DATA TO USE Start Marker

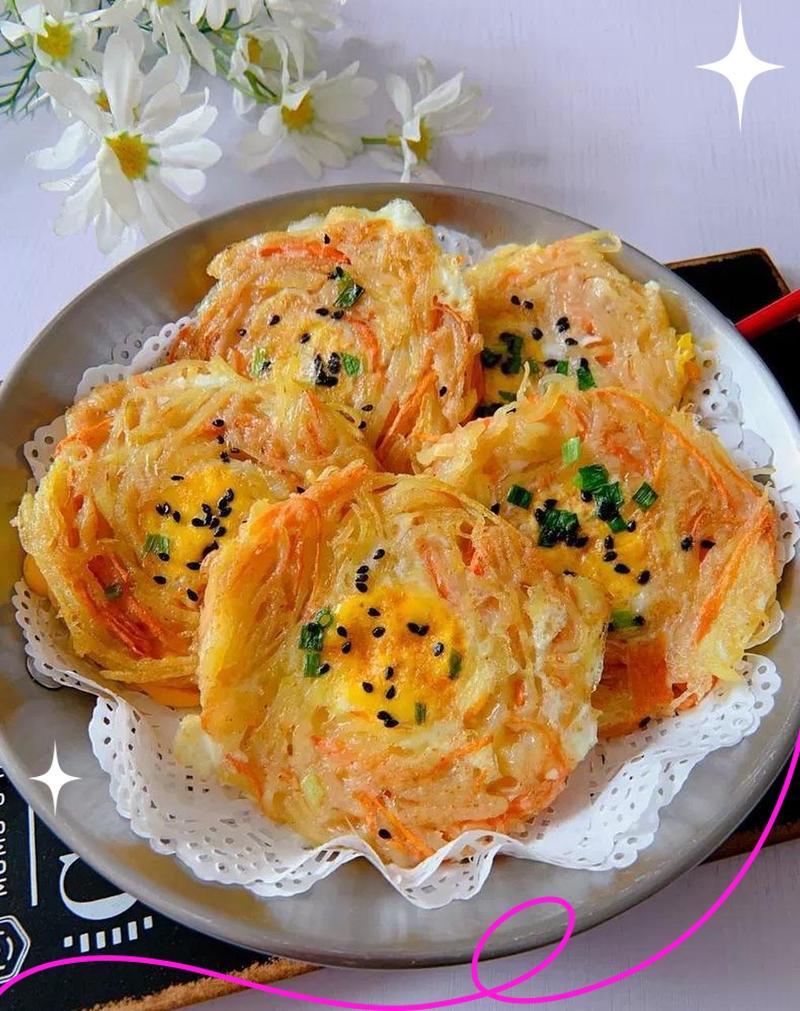 土豆鸡蛋饼的家常做法(土豆鸡蛋饼的家常做法大全) 土豆鸡蛋饼的家常做法(土豆鸡蛋饼的家常做法大全)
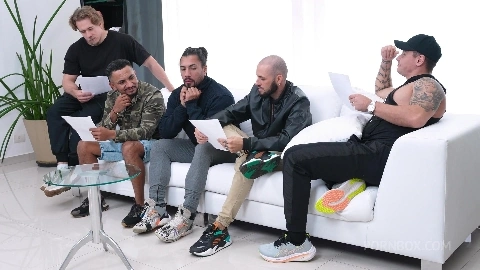 First DAP! An Indian beauty gives up her anus for double penetration for the first time - India do Sul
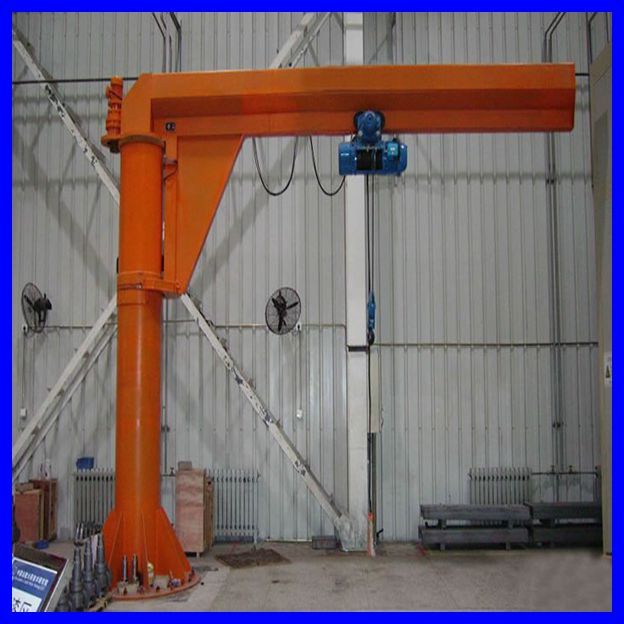 SELL 5T Jib Crane with ce certification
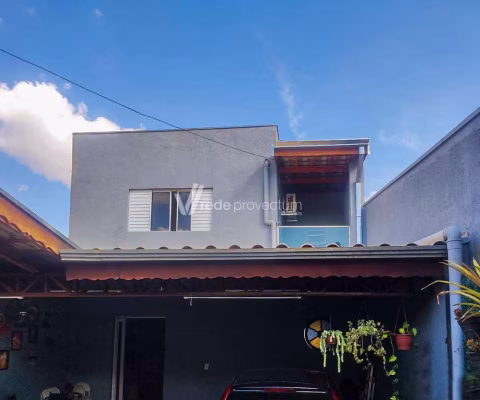 Casa com 3 quartos à venda na Rua Três, 44, Núcleo Habitacional Boa Vista (Nova Aparecida), Campinas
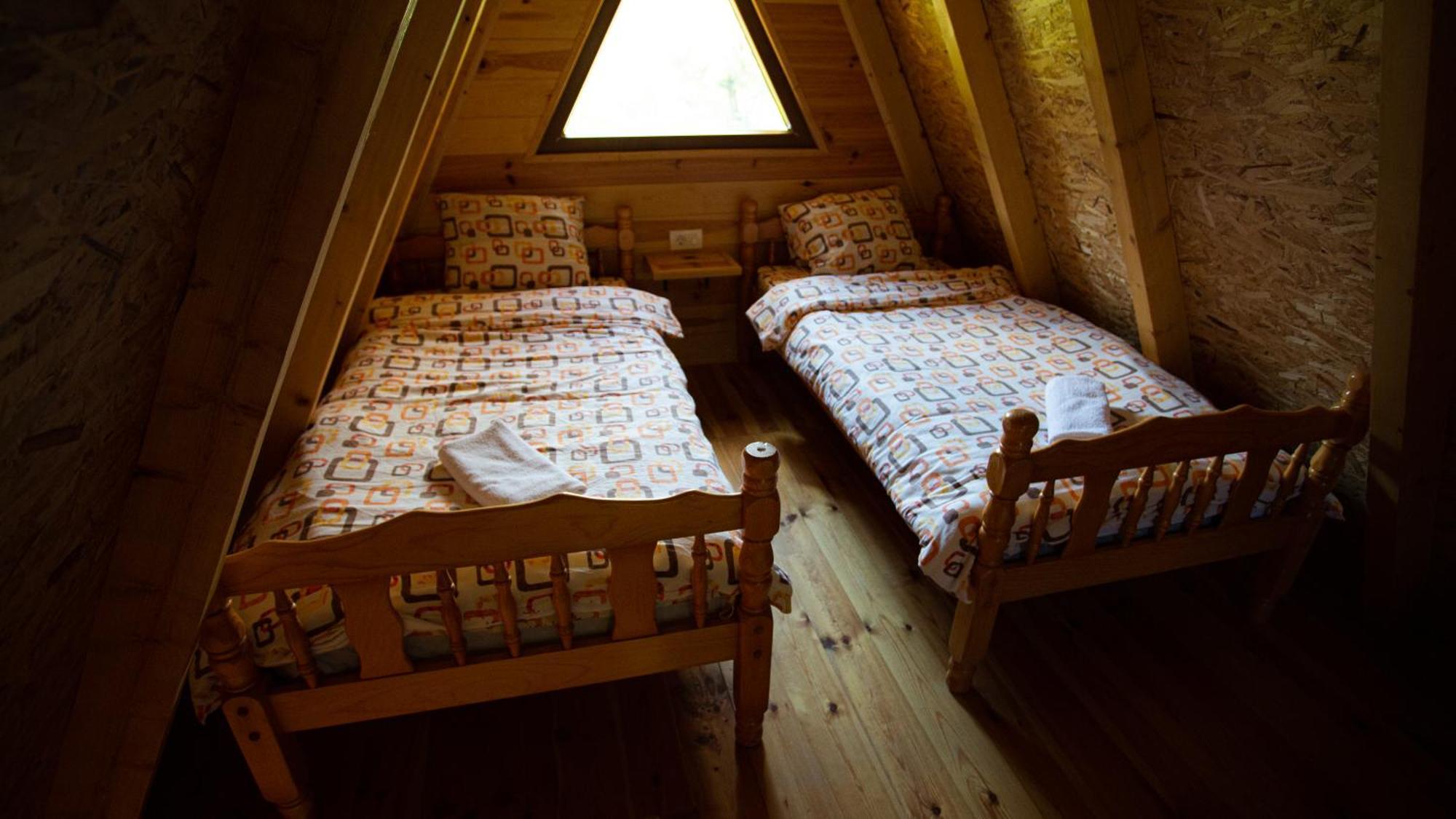 Bb Chalet Kolašin Exterior foto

DATA TO USE End Marker

The task calls for all records to be set down precisely, excluding any images.

 土豆鸡蛋饼的家常做法(土豆鸡蛋饼的家常做法大全) 土豆鸡蛋饼的家常做法(土豆鸡蛋饼的家常做法大全)
 First DAP! An Indian beauty gives up her anus for double penetration for the first time - India do Sul
 SELL 5T Jib Crane with ce certification
 Casa com 3 quartos à venda na Rua Três, 44, Núcleo Habitacional Boa Vista (Nova Aparecida), Campinas
 Bb Chalet Kolašin Exterior foto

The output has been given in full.